# Vintage Bike Pics



## MarkF (Jul 5, 2003)

Had a great time at the museum, some beautiful bikes on display. I could have spent all day there.









Just sat down to upload the pics and........... *******! I've had the camera on the wrong setting, this is the best pic I have







I hate it when that happens.







I am going back tomorrow to get some good ones, just for you.


----------



## scottishcammy (Jul 11, 2003)

Unlucky Mark







I can see it's a lovley looking machine. Good luck next time around!


----------



## pauluspaolo (Feb 24, 2003)

Where's the museum?

That looks like a Panther sloper single - usually seen with a sidecar attached. If it is one then it's nice to see it without the sidecar! Or could it be a 500cc Vincent Comet - basically 1/2 of the 100cc engine used in the Rapide models









The tank looks BSAish & the suspension looks too modern for either of the above bikes, so what is it?
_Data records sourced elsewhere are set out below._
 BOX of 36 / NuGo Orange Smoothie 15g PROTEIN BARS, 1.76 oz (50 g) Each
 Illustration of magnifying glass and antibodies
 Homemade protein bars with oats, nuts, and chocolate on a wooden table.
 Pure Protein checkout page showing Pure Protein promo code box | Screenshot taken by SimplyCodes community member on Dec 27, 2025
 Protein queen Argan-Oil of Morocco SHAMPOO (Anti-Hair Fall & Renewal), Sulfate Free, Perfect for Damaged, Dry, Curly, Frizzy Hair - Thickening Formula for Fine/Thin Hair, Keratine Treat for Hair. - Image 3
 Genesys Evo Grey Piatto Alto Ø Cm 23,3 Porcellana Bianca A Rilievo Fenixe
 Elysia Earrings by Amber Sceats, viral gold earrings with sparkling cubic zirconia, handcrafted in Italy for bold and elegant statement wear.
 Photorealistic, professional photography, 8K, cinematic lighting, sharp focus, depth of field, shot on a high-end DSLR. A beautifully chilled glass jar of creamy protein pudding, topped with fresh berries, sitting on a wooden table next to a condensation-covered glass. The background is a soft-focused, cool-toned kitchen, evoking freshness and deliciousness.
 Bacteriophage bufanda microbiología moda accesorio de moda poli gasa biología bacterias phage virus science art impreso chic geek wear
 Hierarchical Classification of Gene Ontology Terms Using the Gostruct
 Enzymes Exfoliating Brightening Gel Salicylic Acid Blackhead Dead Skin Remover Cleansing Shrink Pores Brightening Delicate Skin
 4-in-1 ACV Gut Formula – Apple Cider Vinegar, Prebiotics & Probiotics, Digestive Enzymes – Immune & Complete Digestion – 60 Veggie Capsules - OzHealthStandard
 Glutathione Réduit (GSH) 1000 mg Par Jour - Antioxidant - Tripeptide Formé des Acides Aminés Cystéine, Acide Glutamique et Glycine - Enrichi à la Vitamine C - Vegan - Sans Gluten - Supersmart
C'mon Mark tell us


----------



## MarkF (Jul 5, 2003)

Right first time Paul, a Panther.









The display is in the Industrial Museum, 10 mins from Rodley bottom roundabout. (BD2 3HP)


----------



## mach 0.0013137 (Jan 10, 2005)

Nice looking Panther Mark, looking forward to seeing a better photo









I rode one once with a view to buying, can`t remember why I didn`t









Lovely great thumpers


----------